Grávida desaparecida desde quinta tem chá de bebê marcado para o fim de semana

A manicure Thaysa Campos dos Santos, de 23 anos, está desaparecida desde a última quinta-feira (3). Moradora de Deodoro, no Rio de Janeiro, a mulher estava empolgada com a chegada de sua terceira filha, Isabela. Não à toa, ela, que está grávida de oito meses, já tinha marcado um chá de bebê para o próximo domingo.

“Ela parecia feliz pelo chá de bebê, estava comprando tudo. Eu dei uma cômoda para ela no dia em que ela desapareceu (na última quinta-feira), e ela arrumou todas as roupinhas do neném” contou a mãe da jovem, a psicopedagoga Jaqueline Tavares Campos, ao jornal carioca “Extra”. 

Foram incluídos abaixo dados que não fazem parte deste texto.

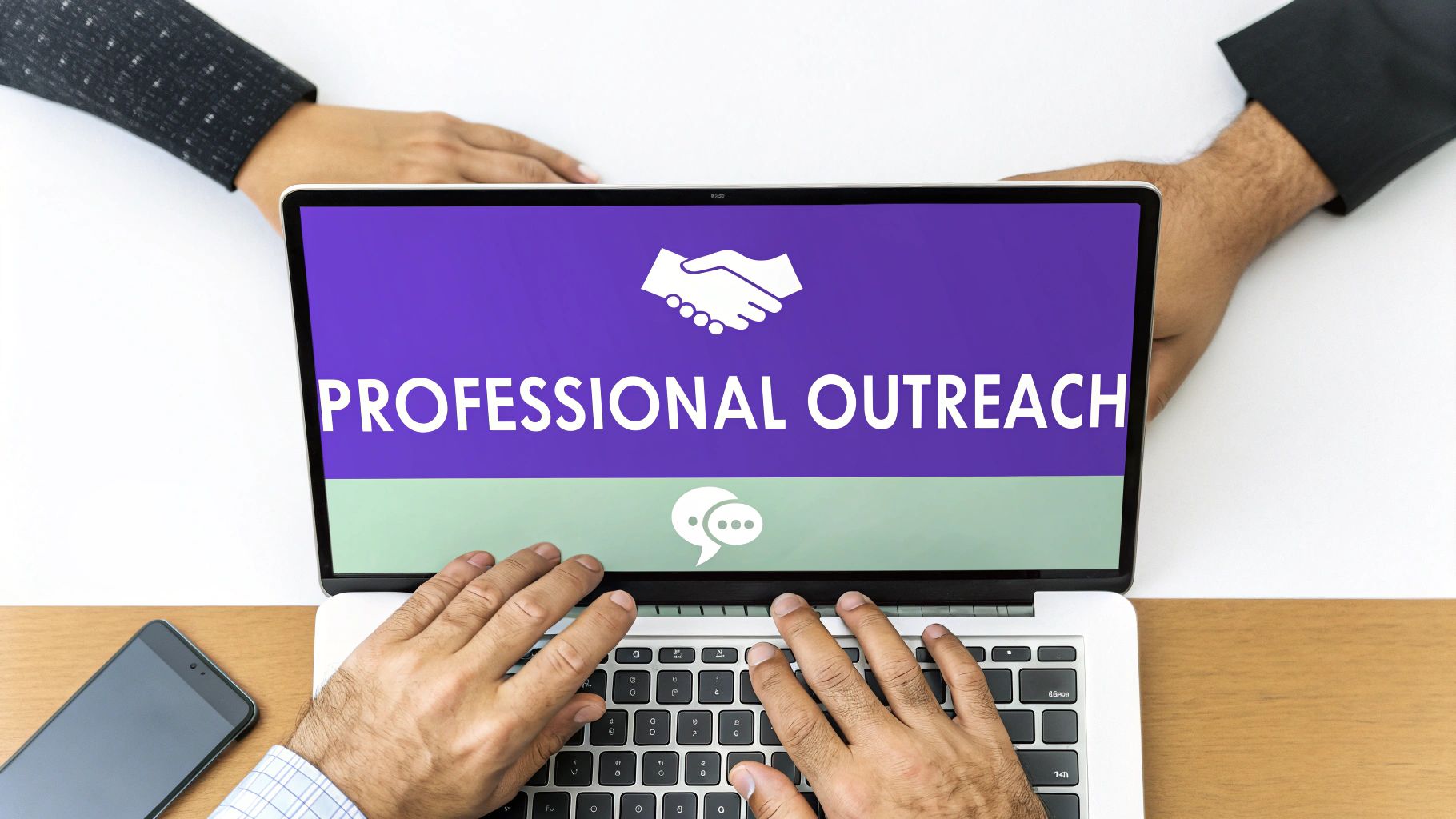 Overhead view of hands on a laptop displaying 'Professional Outreach' with handshake and chat icons.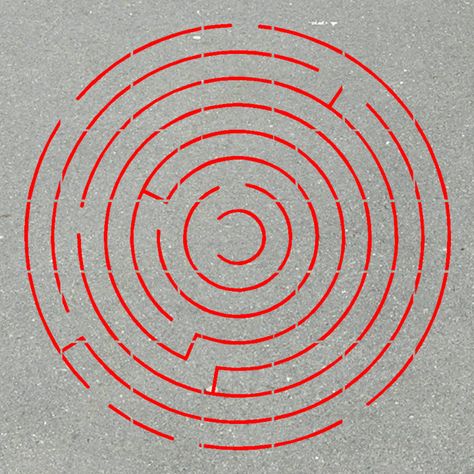 Playground Circle Maze Playground Stencils, Tarot Pattern, Ground Painting, Sidewalk Chalk Games, Outside Playground, Playground Painting, Sidewalk Paint, Playground Flooring, Labyrinth Design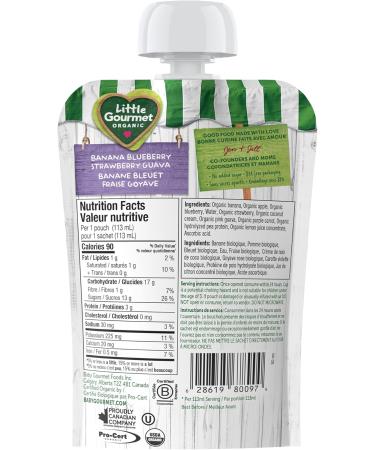 Little Gourmet Organic Bright Blends Baby Food Pouches - Banana Blueberry Strawberry Guava - No Added Sugar or Salt Non GMO No Fillers - (113ml) 12-Pouches Purple Banana Blueberry Strawberry Guava 113ml - 12 Pouches - Buy Online on GoSupps.com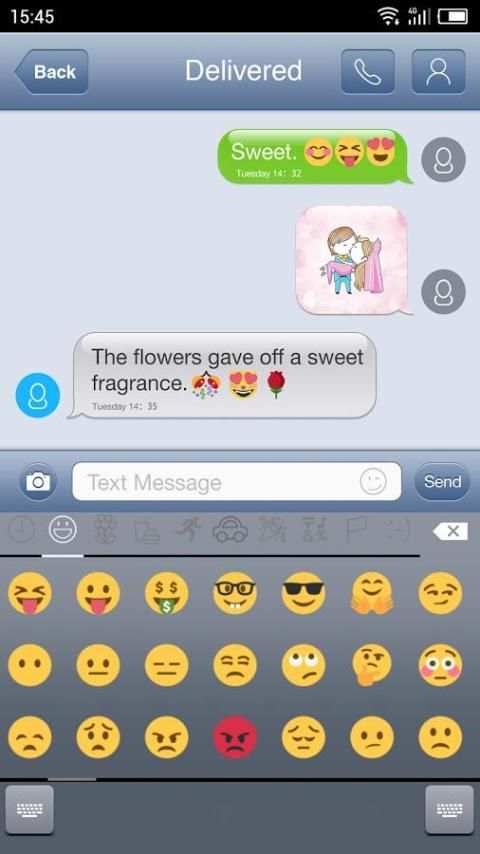 Emoji Keyboard-Classic Blue6 3 تصوير الشاشة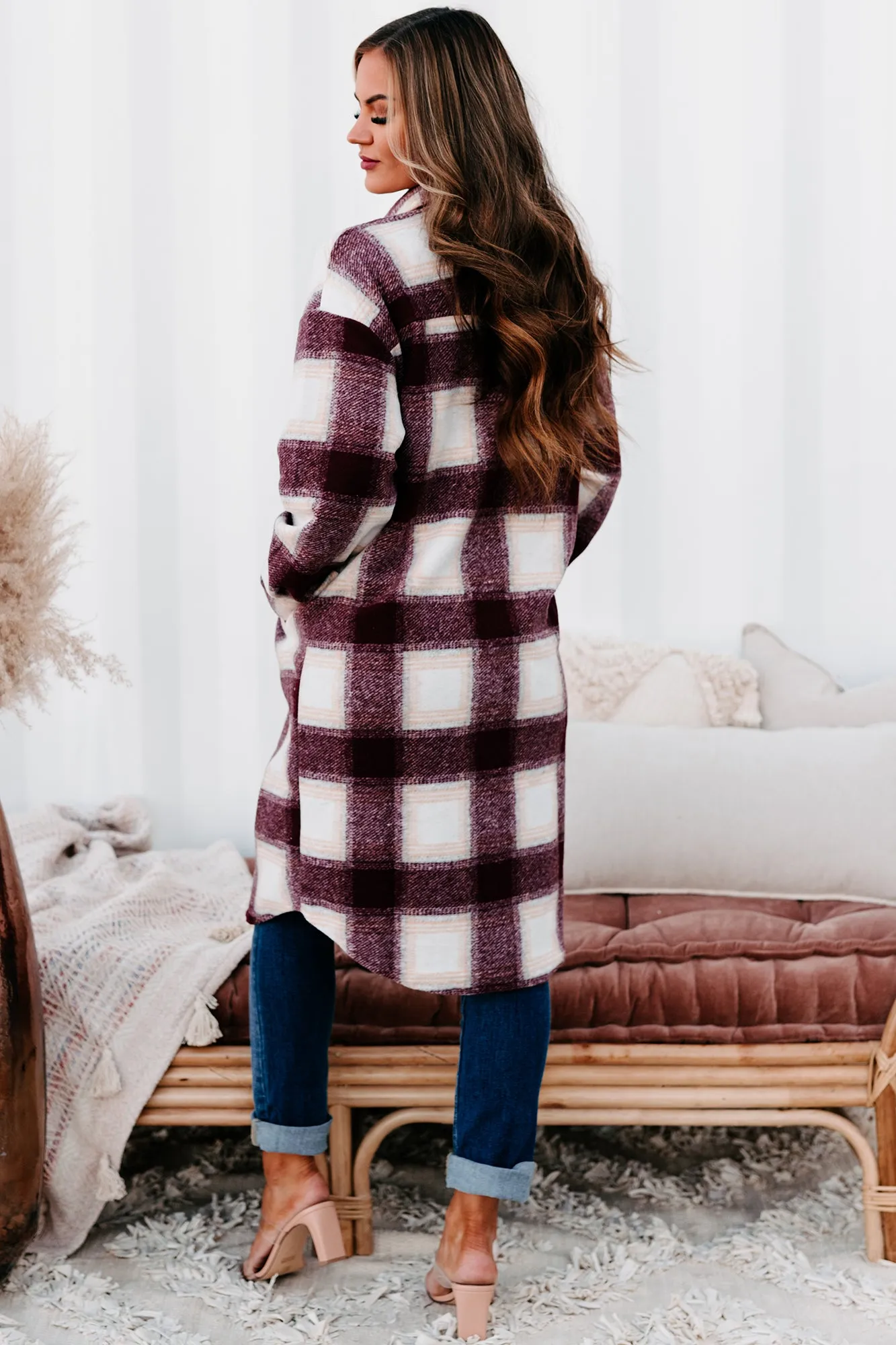 Hill Country Hideaway Long Plaid Shacket (Burgundy)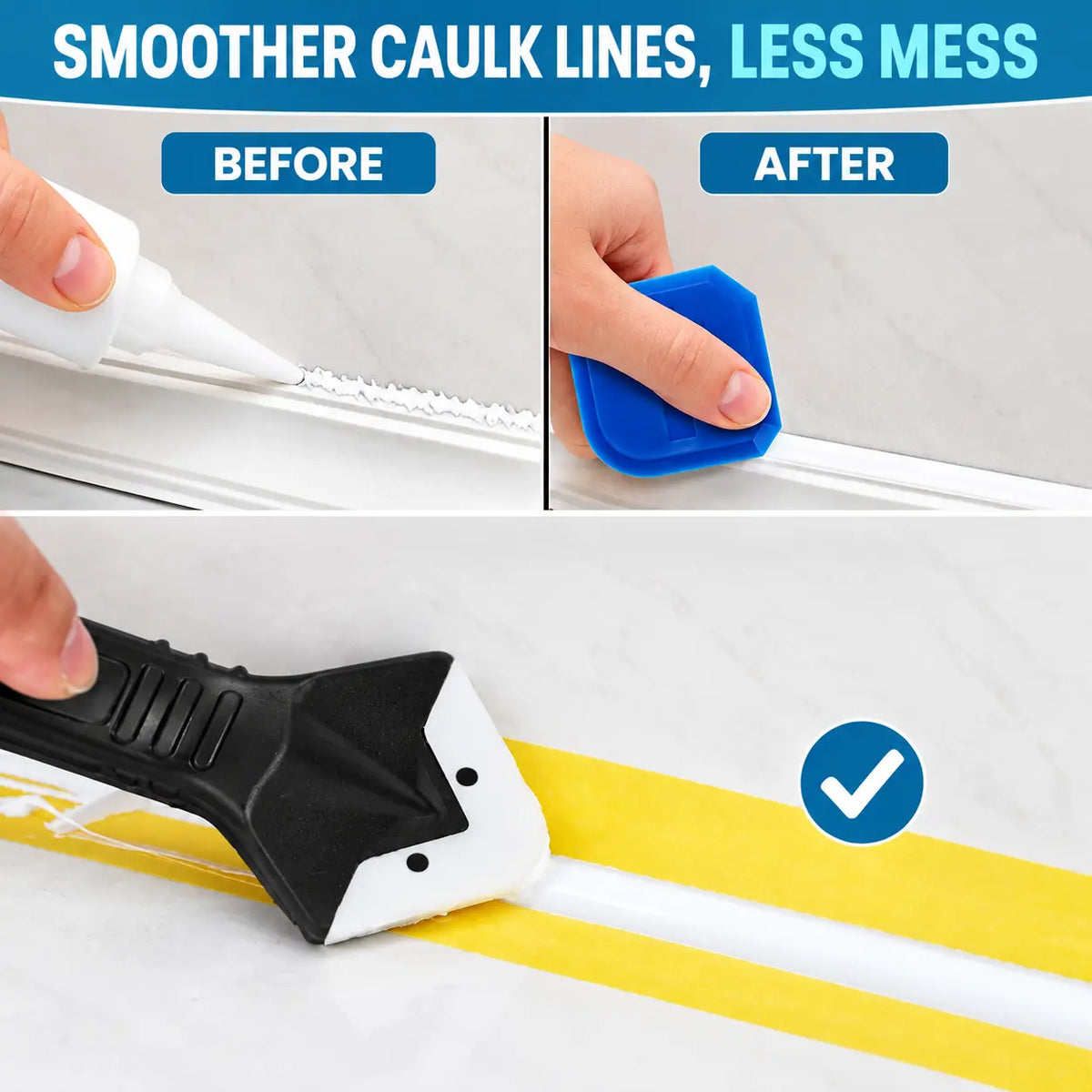 🔥LIMITED-TIME OFFER! BUY 1 GET 1 FREE EACH $8.49!🔥3-in-1 Caulking Tool Kit—Remove, Scrape & Smooth Like a Pro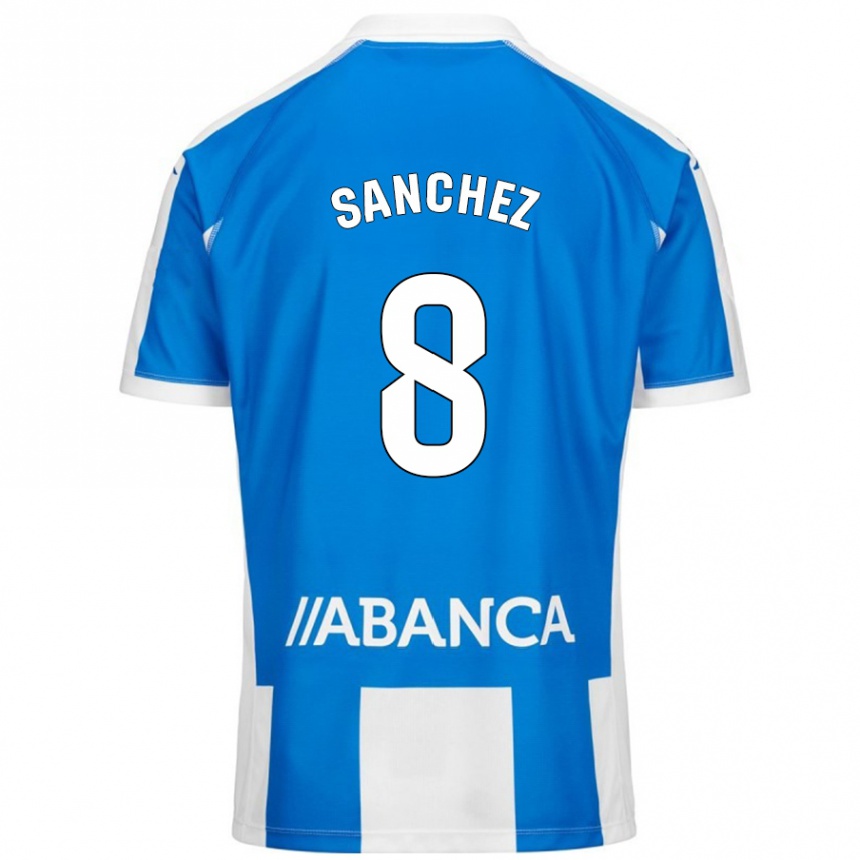 Kids Football Carlota Sánchez #8 Blue White Home Jersey 2024/25 T-Shirt Canada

Segundo ela, Thaysa saiu de casa por volta da meia-noite da última quinta-feira, e não voltou mais. A mãe afirmou, ainda, que a filha tem deficit de atenção e só estudou até o 7º ano do Ensino Fundamental:

“Não sei dizer o que aconteceu porque ela nunca fez isso. Ela é uma menina que se dá com todo mundo, não tem vícios, é muito comunicativa, gosta de ajudar as pessoas. Ele usava muito as redes sociais e ficava o tempo todo falando com a gente. Agora, o telefone está desligado, e a gente não sabe nada”, afirmou Jaqueline.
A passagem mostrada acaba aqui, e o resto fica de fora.